Терехов не долго меня ломал. слабая система защиты, вшитый в ведущую микросхему чип с базовым доверием к миру и гормональный дисбаланс сделали свое дело. я стала его девушкой. на четыре дня. это были восхитительные дни, полные сенсорных впечатлений (много), нежных бесед (мало) и новых ощущений в стиле "мы". Лешка тоже нашел себе пару: девочку Иру: искреннюю и утонченную. и валялся с ней на футбольном поле, прямо в снегу, лицом то друг в друга, то к звездам. а Терехов, с наступлением отбоя, приходил в девичью палату и устраивался у меня на кровати, прямо как у себя дома. кровать была одной из 12 девичьих лежбищ в нашей палате. сказать, что подобного рода внимание молодого и решительно настроенного человека мне одновременно было лестно и неловко - это значит ничего не сказать. в фильмах про высокие чувства совершенно ничего не говорилось про 22 глаза и 22 уха, которые в темноте пытались бы разобрать и расслышать, чем именно мы с Малышевым занимаемся под покровом ночи. неподготовленная к подобному обороту событий девичья гордость, также посеянная фильмами про высокие чувства, вдруг проснулась и вылилась в громкое сопротивление. Терехов сначала хихикал, потом грустил, а потом...

через два дня он был уже с другой девушкой, о чем мне сообщили заботливые сопалатницы. и не просто с девушкой, это еще было можно пережить, а со страшной-престрашной и одновременно неумной девушкой из младшего отряда! да. и с дурным характером, к тому же!

на самом деле, я вам тут пишу пособие по разбиванию девичьих сердец. прочтите и сожгите, чтобы никакому мальцу на глаза не попалось. но бросить девушку ради глупой, страшной и злобной чучундры-малолетки - это беспроигрышный вариант. сердце девушки будет разорвано на самые мельчайшие из возможных частиц. и каждая частичка будет страшно болеть и саднить. и слезы будут капать из глаз. и рот сожмется в скорбную полосочку, а у некоторых... у некоторых появятся первые седые волосинки, малозаметные постороннему наблюдателю.

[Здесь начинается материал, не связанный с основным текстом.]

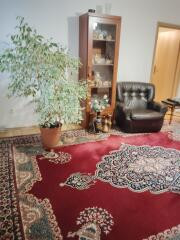 Na predaj 3-izbový, čiastočne zrekonštruovaný byt v Dunajske - 2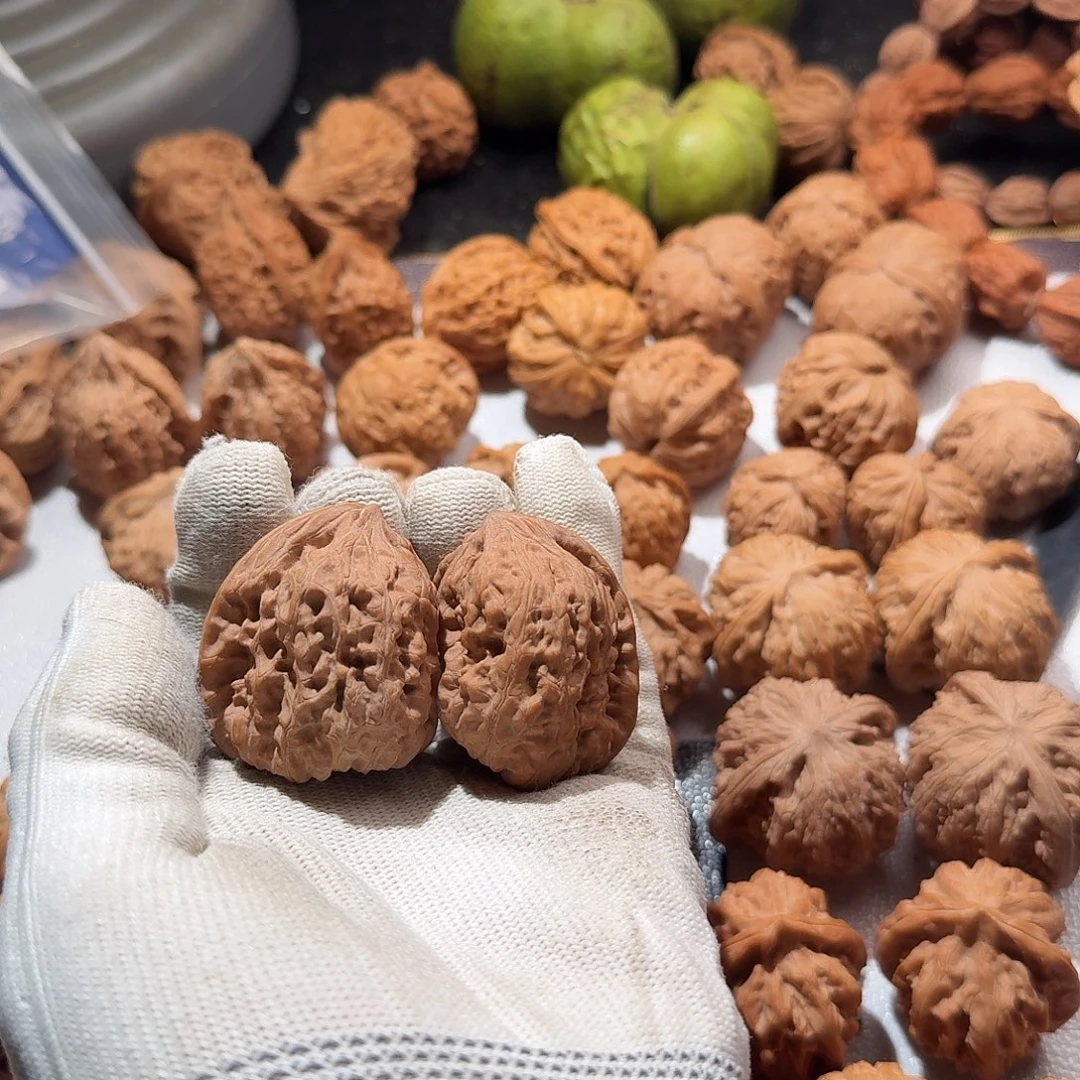 老***帽把件文玩核桃凹的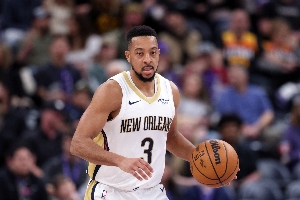 場(chǎng)均20+就入選全明星？甜瓜&布克等人不認(rèn)同 一人10年都沒入選過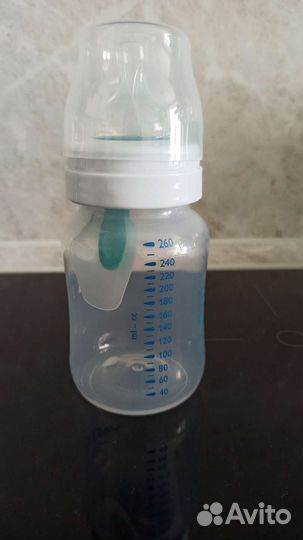 Бутылочка Philips Avent anti-colic с соской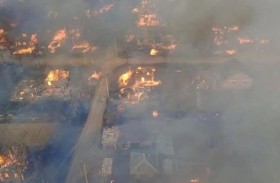 حريق يدمر قرية ويخلّف قتيلا 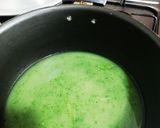 Foto del paso 2 de la receta: Salmón dorado sobre salsa de perejil 🌿✨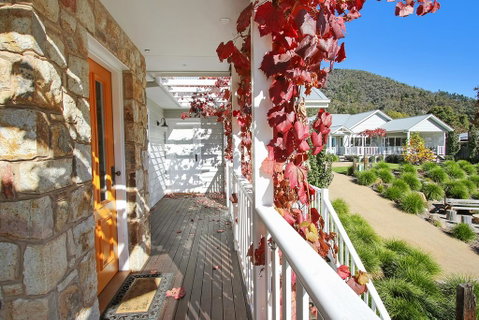 Autumn Home - Our Place At Bright - Accommodation Broome 1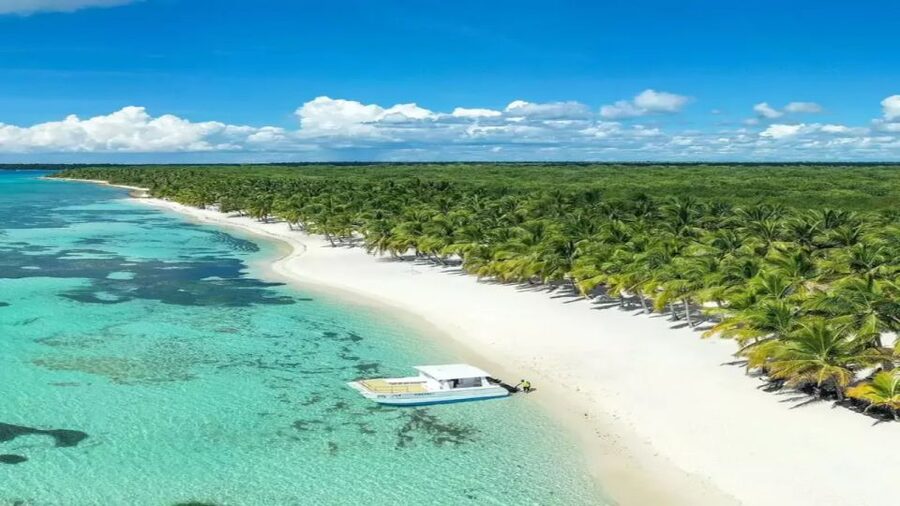 Saona Island All Inclusive Tour - Speedboat or catamaran: two very different rides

была зима, зимний был лагерь, как сейчас помню. была новогодняя дискотека, на которую я, совершенно раздавленная своим подростковым горем, не пошла. был Алексей, вожатый, который вошел в палату, все увидел и понял, и молча пошел за магнитофоном. а потом выволок меня из кровати в коридор, поставил на ноги, нажал на кнопку, и... запела Патрисия Каас. а он, вожатый Алексей, держал меня крепко-крепко, как бы боясь, что мое сердце выпрыгнет из грудной клетки, выпрыгнет и упадет на пол. он держал мое сердце, и аккуратно водил меня под завывания сильной и мужественной Патрисии.

а потом пришла Марина. она говорила мало. просто достала стопку и мандаринку. налила в стопку, очистила мандаринку и протянула все это мне. "они, мужики, не стоят ни единой нашей слезинки" - серьезно сказала Марина. "пей!".

а потом был костер. костер, в который со слезами и соплями полилась моя юная душа, мое страдающее сердце. солагерники подкладывали хворост, а я топила костер собственным сердцем и оно расплавлялась и растекалась, как олово. а я чувствовала себя оловянным солдатиком, брошенным в огонь собственных эмоций. костер горел долго, а слезы все не кончались и не кончались.

пожалуй тогда, в тот самый момент, я повзрослела в первый раз.